Every line from the beginning of the data through the line containing "We're going to" should be reproduced exactly, and no further lines should be output.

::::

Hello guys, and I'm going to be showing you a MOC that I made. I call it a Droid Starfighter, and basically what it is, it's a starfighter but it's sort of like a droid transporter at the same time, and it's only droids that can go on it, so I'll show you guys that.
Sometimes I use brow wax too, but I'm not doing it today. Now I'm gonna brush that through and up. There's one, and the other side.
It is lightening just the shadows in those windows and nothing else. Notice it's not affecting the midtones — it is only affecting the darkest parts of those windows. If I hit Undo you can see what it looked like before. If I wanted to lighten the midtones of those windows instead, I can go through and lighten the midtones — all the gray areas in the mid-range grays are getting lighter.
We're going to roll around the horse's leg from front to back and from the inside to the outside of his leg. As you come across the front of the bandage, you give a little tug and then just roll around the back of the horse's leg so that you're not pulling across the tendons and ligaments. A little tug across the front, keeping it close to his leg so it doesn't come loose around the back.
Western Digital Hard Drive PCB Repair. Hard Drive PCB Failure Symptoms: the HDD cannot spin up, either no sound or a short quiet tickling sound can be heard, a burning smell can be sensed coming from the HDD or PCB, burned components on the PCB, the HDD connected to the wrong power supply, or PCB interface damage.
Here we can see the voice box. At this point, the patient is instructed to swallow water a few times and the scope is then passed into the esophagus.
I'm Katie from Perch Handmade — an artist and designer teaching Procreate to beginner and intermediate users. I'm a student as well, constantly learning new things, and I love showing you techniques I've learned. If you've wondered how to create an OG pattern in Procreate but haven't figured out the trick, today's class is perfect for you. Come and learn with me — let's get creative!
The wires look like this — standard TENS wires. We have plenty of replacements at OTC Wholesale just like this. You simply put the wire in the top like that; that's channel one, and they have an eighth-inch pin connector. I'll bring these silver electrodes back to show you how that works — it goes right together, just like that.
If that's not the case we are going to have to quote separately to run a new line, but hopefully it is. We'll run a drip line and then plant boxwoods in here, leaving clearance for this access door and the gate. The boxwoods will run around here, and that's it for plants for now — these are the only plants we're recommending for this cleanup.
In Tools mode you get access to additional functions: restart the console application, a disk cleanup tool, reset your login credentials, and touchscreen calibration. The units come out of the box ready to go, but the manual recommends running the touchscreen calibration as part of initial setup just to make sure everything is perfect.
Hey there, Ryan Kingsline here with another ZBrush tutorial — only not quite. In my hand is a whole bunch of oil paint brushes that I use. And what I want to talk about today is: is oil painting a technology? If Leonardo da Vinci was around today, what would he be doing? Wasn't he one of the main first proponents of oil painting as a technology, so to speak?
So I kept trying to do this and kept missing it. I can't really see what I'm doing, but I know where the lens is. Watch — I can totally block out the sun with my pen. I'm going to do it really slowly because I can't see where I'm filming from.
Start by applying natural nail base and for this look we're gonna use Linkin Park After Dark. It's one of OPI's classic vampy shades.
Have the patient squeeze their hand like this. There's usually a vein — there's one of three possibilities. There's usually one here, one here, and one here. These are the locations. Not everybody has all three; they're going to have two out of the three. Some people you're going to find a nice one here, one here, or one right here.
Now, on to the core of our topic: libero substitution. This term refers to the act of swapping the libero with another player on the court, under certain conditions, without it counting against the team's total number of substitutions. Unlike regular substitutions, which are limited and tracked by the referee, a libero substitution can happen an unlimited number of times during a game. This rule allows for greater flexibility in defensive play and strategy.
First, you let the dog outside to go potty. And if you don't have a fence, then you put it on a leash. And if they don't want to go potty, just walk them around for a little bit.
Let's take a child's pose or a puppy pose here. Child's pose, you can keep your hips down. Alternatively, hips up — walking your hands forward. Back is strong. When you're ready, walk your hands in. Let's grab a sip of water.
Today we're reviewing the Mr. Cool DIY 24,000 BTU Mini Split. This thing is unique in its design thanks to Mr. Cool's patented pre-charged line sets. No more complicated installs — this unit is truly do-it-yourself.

::::

TASK OUTPUT:
Hello guys, and I'm going to be showing you a MOC that I made. I call it a Droid Starfighter, and basically what it is, it's a starfighter but it's sort of like a droid transporter at the same time, and it's only droids that can go on it, so I'll show you guys that.
Sometimes I use brow wax too, but I'm not doing it today. Now I'm gonna brush that through and up. There's one, and the other side.
It is lightening just the shadows in those windows and nothing else. Notice it's not affecting the midtones — it is only affecting the darkest parts of those windows. If I hit Undo you can see what it looked like before. If I wanted to lighten the midtones of those windows instead, I can go through and lighten the midtones — all the gray areas in the mid-range grays are getting lighter.
We're going to roll around the horse's leg from front to back and from the inside to the outside of his leg. As you come across the front of the bandage, you give a little tug and then just roll around the back of the horse's leg so that you're not pulling across the tendons and ligaments. A little tug across the front, keeping it close to his leg so it doesn't come loose around the back.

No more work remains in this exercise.